Giving Compass' Take:

• Professor Gerald Rosenfeld shares the difficulties he sees for foundations today, from biased hiring practices to evaluating impact. 

• How can foundations better collaborate and support each other? What opportunities to share knowledge and understanding is the sector missing?

• Learn how some foundations came together to help solve the affordable housing crisis.


We screen out potentially good, talented people much too early. We have a template, and we match skills against the template. If the skill set doesn’t match the template, that person goes away, and I think it’s a bad idea…. [Emotional intelligence] is one of the most important things, and it’s hard to screen for that. Résumés don’t talk about that. Only human interaction talks about that.

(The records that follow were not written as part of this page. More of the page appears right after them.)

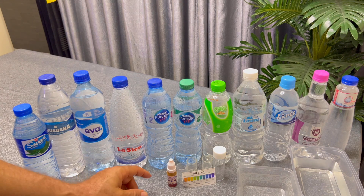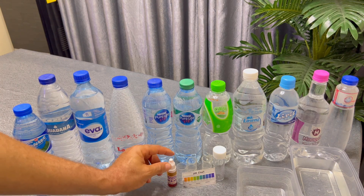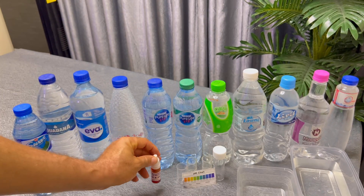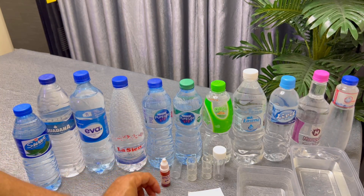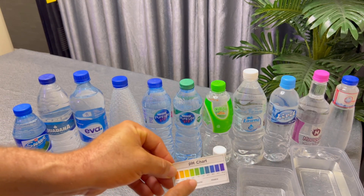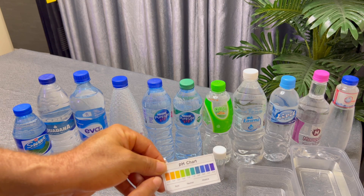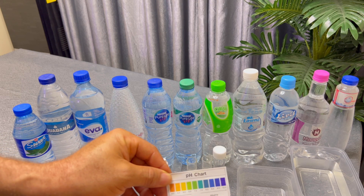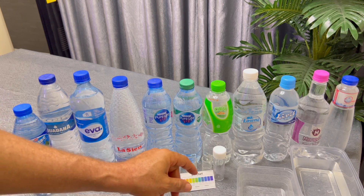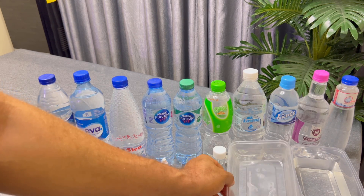We are diving straight into the practical section. We have the liquid tester, our test tube, and our pH chart. Whenever we test any water we'll bring it to this chart to see if it is acidic, alkaline, or neutral. We also have an empty container where we'll be disposing of each test sample, and we rinse the test tube before each new test.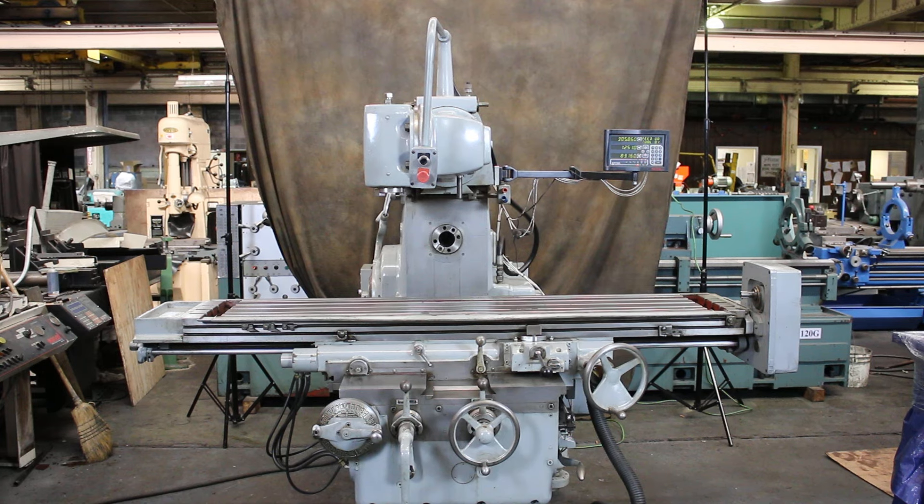We have a Kearney and Trekker horizontal milling machine with a power motorized double swivel vertical overarm. Model 420 TF17, serial number 56100611, new in 1972. It's a 50 taper machine on both the horizontal and the vertical spindles. You have two screws that support the knee, and we're going to run her for you.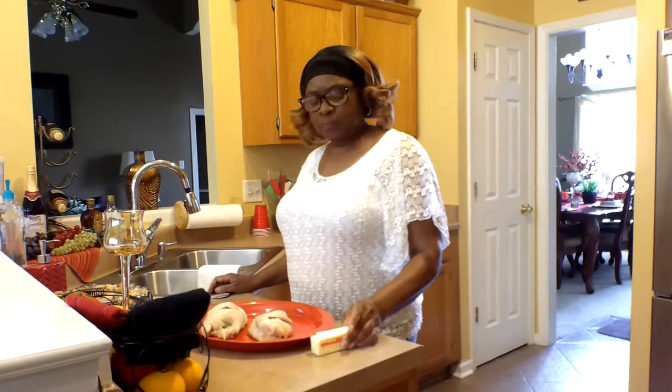Hello, welcome to my channel. This is Mary. I'm here today to cook a Cornish hen.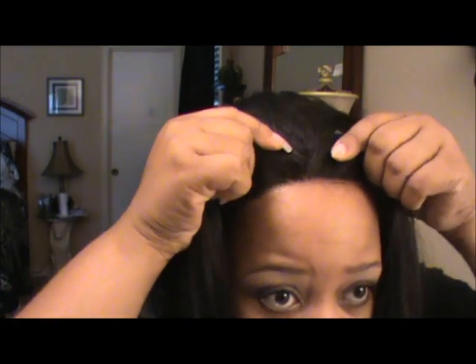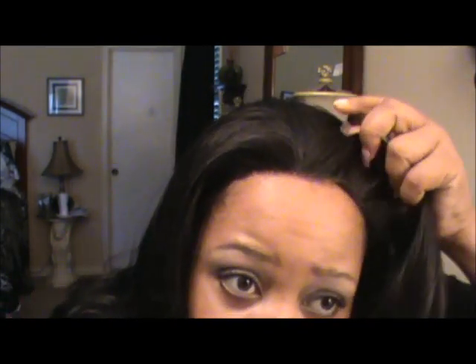It does not have the side tabs that you would normally get on some wigs, which I kind of miss, but we'll see how it works. I will say this cap is kind of tiny compared to other wigs that I've tried — it's a little small, but we'll see if we can make it work. I love the texture of the hair, it's very soft and very flowy. Let's get her adjusted right on the hairline.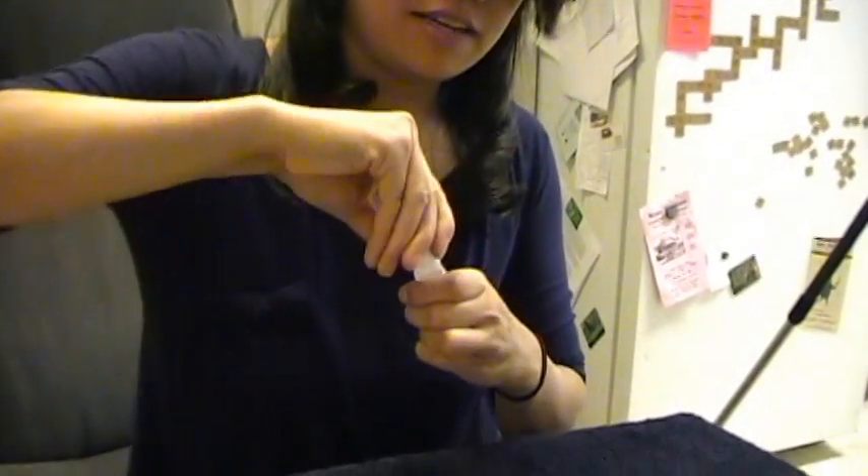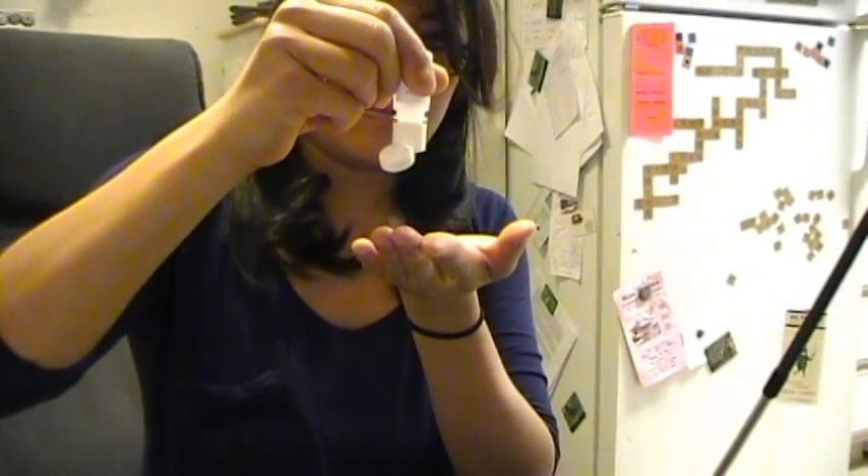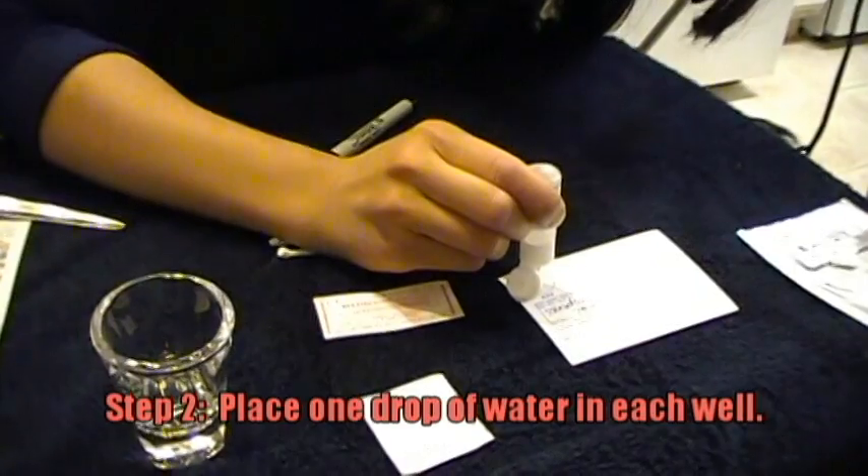Step two, fill a glass with water. No micropipette is given, only this bottle. It'll produce one drop — if you drop it slowly it'll be one drop of water — so just one drop of water into each circle.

Financial services is well known for [underrepresenting women] by count, and presumably inhospitable in certain ways. It’s an incredibly vexing problem, and one that many people much smarter than I think about all the time and don’t have fast solutions. We, the men, used to say, ‘Well, it’s a pipeline problem. There aren’t enough women in business schools, and therefore just wait five or 10 years, and the problem will be fixed.’ Guess what? It’s five or 10 years or 15 or 20 years since we’ve been saying that, and it hasn’t been fixed.

Many financial service firms have built up the percentages of women that they hire in their entry classes…but look three years later, five years later, the drop-out rate or the lack of retention rate is simply too high. And it’s not that the women get fired. It’s that somehow there is a lack of compatibility around the culture of the place.

It’s hard to give away money well. That’s the number one lesson that I learned. People think foundation work is easy. You’ve got a pot of money, and the IRS makes you give it away…. The thoroughness of the evaluation, the ability to see how the money will be leveraged into action and into positive change is the thing that was the most eye-opening.